As rescue workers raced to recover bodies buried under rubble and funeral pyres dotted the disaster-struck areas in western India's Kutch region yesterday, desperately-needed aid was still reaching only the district headquarters in Bhuj, which has become the focus of the relief effort.
Relief trucks were speeding through the disaster-struck area throwing food off the back. But locals said the distribution was confined only to the main streets. And so desperate people lay in wait for relief trucks, forcibly stopped them and plundered them of their cargo a week after the earthquake ripped through the area.
Officials from Kutch admitted that gangs of robbers continued to roam the region unchecked, looting at gun point, despite claims by the state government that additional police had been despatched to the region.
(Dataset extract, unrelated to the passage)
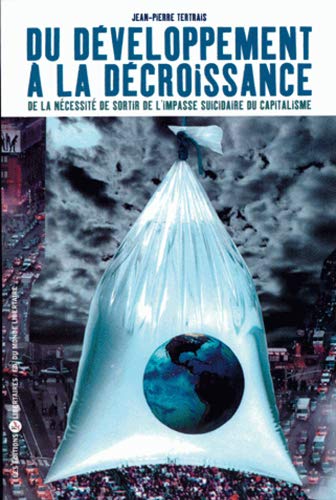 Développement à la décroissance (Du) by Tertrais Jean-Pierre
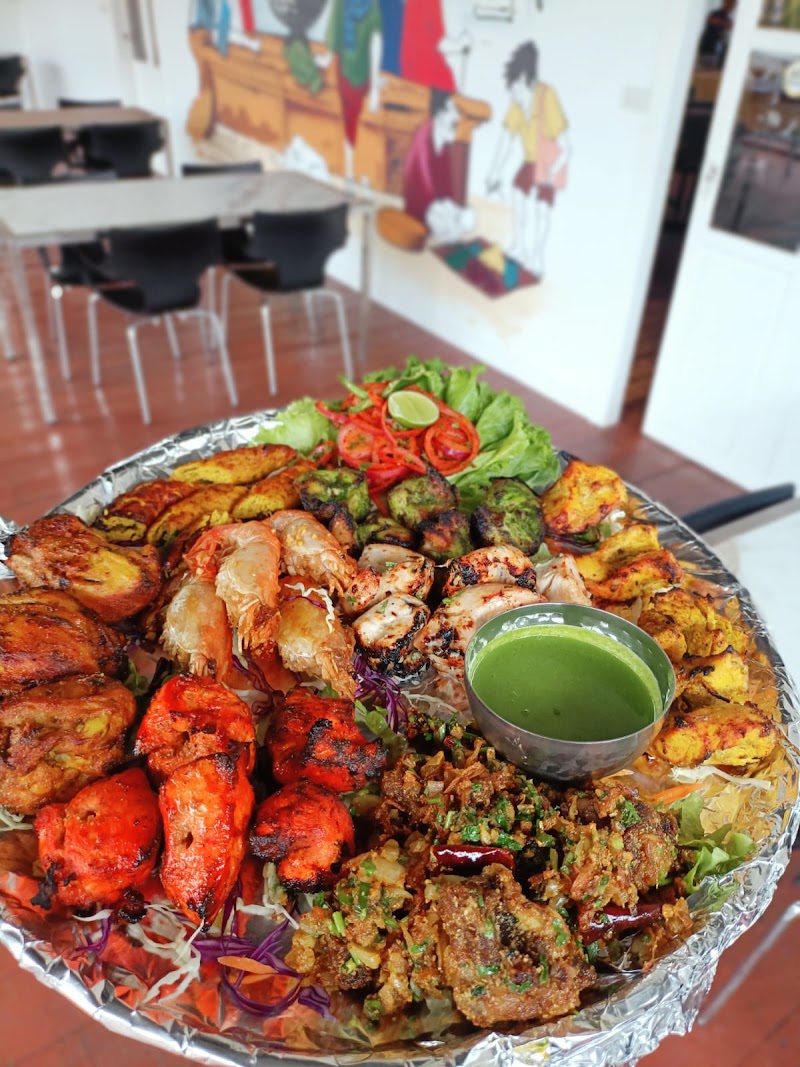 Malgudi Indian Thai Restaurant Pattaya - Malgudi Indian Thai Restaurant Pattaya 451, 304 หมู่ที่ 12 Sukhumvit Rd, Thailand Bang Lamung District Pattaya City, Bangkok, อำเภอบางละมุง ชลบุรี 20150, Thailand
Following reports of widespread pillaging, the army has cordoned off the flattened walled city of Bhuj, where scores of gold and silversmiths plied their centuries-old trade of making delicate jewellery and ornaments, and where large amounts of the precious metals remained buried under debris.
Hindu astrological predictions in a local Gujarati publication of an even bigger quake caused further panic in the region. "We will go inside only after the third or fourth of February when the ill effects of the planets is over," said Mr Naresh Singhvi, a cigarette stall owner in Ahmedabad. "There is going to be a very severe earthquake, more powerful than this one," he added.
The astrologers claim that Pluto, the planet of death in Hindu astrology in conjunction with the aggressive Mars are aligned ominously at the moment, spelling greater doom and destruction.
Meanwhile, homeless survivors of the earthquake yesterday filed police complaints against builders of collapsed structures in the state's commercial capital Ahmedabad, where 660 people died in the earthquake. Police said investigations had begun into sub-standard materials used by builders in seven of 55 of the city's high-rise apartment blocks that collapsed in the tremors.
"Right now, not many people are coming forward with complaints, but soon we hope to register more cases," a police official said. Locals said only one of the many builders, who had sold them flats for astronomical sums, turned up to mourn the dead. The rest are missing, having either fled the city or gone into hiding. Some had even threatened the residents against filing police complaints against them.
"We will lynch them [the builders] when we find them," said an enraged Mr Shaktisnh Jhala whose five-storey apartment block in one of Ahmedabad's upmarket neighbourhood collapsed. Along with thousands of others across Ahmedabad, Mr Jhala had spent his entire life's savings on the flat. And, like them for the past week, he has been sleeping on the streets outside his former home, braving freezing temperatures.
Officials estimate that at least 30,000 people had died in the earthquake, which also flattened villages and towns and cut power and water supplies. The state government said 14,240 bodies had been recovered so far, 62,000 people were injured, with 1,600 having undergone amputations.
And while no typhoid or cholera cases were reported across Kutch, as had been feared, officials remained concerned that an epidemic could erupt.
An earthquake measuring 4.2 on the Richter scale shook central Turkey and the south-western province of Burdur yesterday, with no immediate reports of casualties or damage, the Anatolia news agency reported.